== THE RECORDS ==

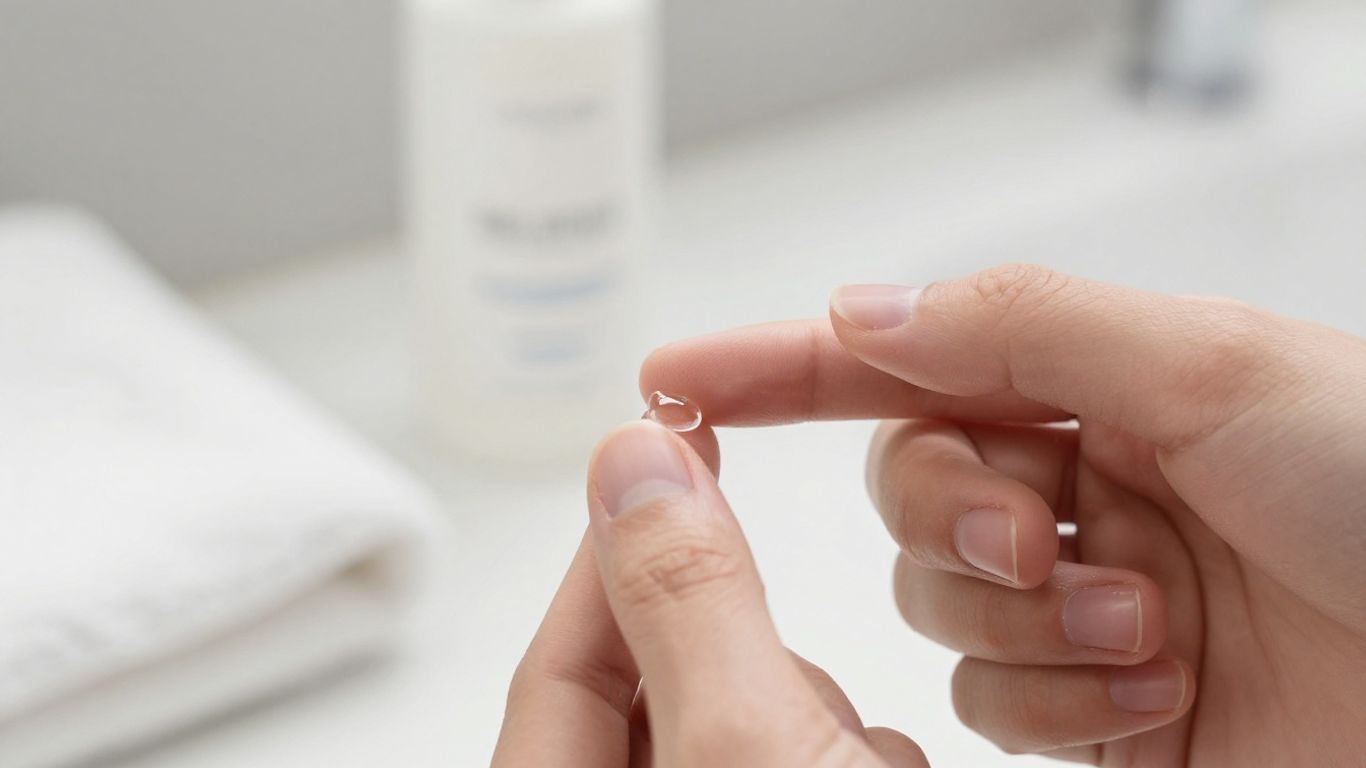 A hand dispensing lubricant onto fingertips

===
== THE RECORDS ==

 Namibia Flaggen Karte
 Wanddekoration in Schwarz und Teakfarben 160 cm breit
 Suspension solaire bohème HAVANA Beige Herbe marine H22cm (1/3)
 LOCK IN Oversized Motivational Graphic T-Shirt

===
== THE RECORDS ==

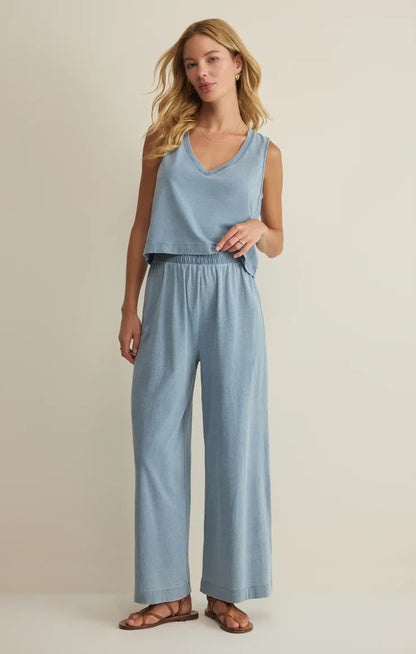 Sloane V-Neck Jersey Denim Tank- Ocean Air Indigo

===

*ACTIVITY*. Copy the lines above exactly, beginning at the line that has "Wanddekoration in Schwarz" and stopping after the line that has "LOCK IN Oversized", and omit the rest.

*SOLUTION FOR THIS EXERCISE*.
 Wanddekoration in Schwarz und Teakfarben 160 cm breit
 Suspension solaire bohème HAVANA Beige Herbe marine H22cm (1/3)
 LOCK IN Oversized Motivational Graphic T-Shirt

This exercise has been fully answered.